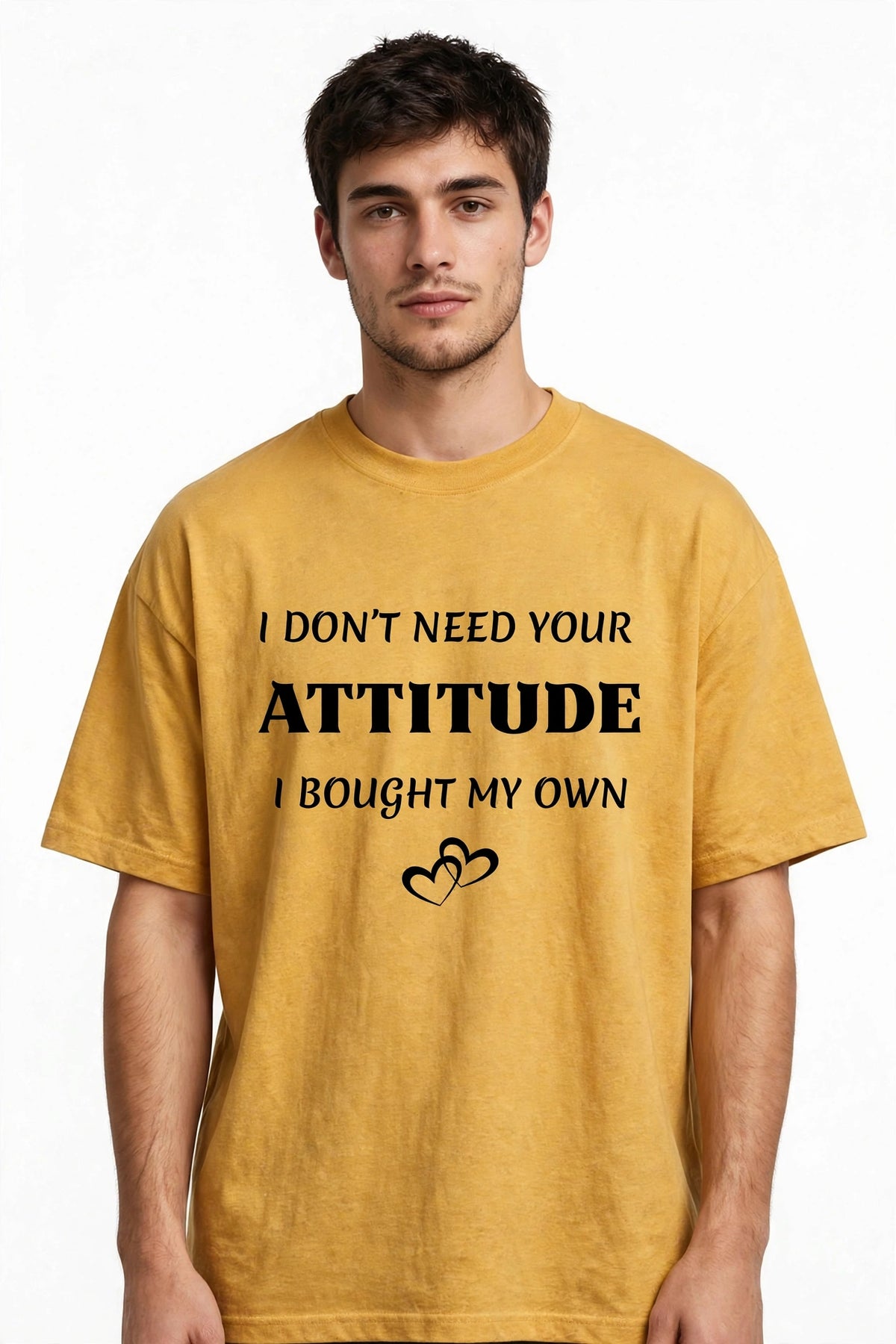 "BOUGHT MY OWN ATTITUDE" Premium Heavyweight Oversized Tee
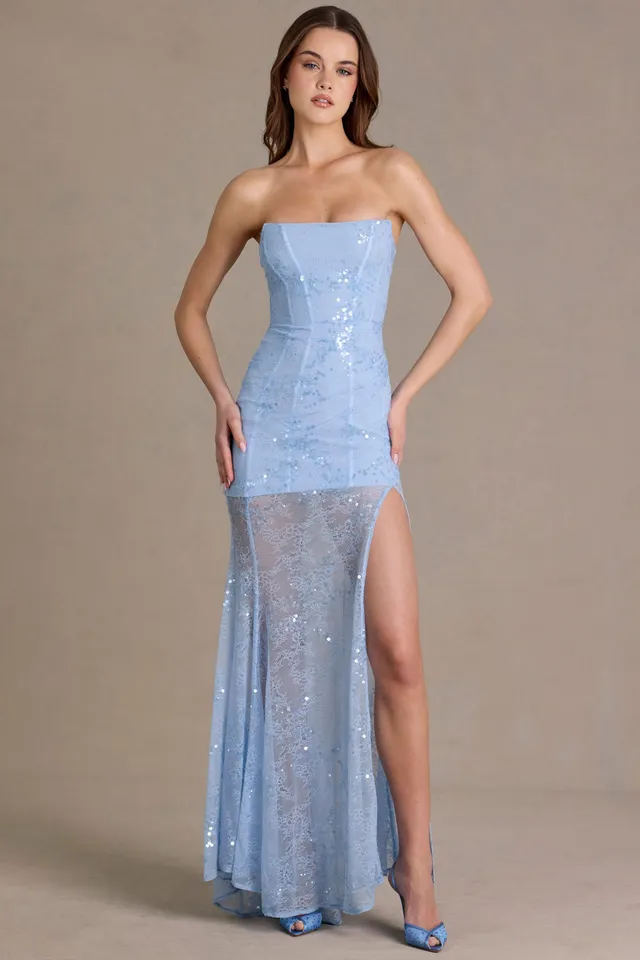 Oh Polly Embellished robe bustier dentelle bleu ciel sequins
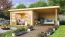 Gartenhaus SET naturbelassen mit Anbaudach 3,3 m Breite, Rückwand, Grundfläche: 9,3m²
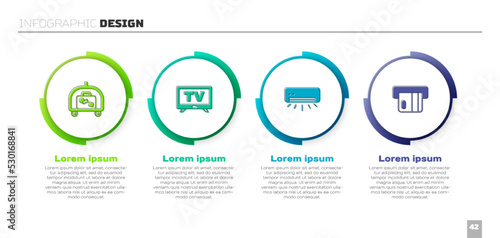 Set Hotel luggage cart, Smart Tv, Air conditioner and Credit card. Business infographic template. Vector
- - - - -
[WHAT YOU HAVE TO DO]
Reproduce the opening lines of the material above exactly, ending with the line that contains "Gartenhaus SET naturbelassen". Omit every picture.

[REPLY]
 "BOUGHT MY OWN ATTITUDE" Premium Heavyweight Oversized Tee
 Oh Polly Embellished robe bustier dentelle bleu ciel sequins
 Gartenhaus SET naturbelassen mit Anbaudach 3,3 m Breite, Rückwand, Grundfläche: 9,3m²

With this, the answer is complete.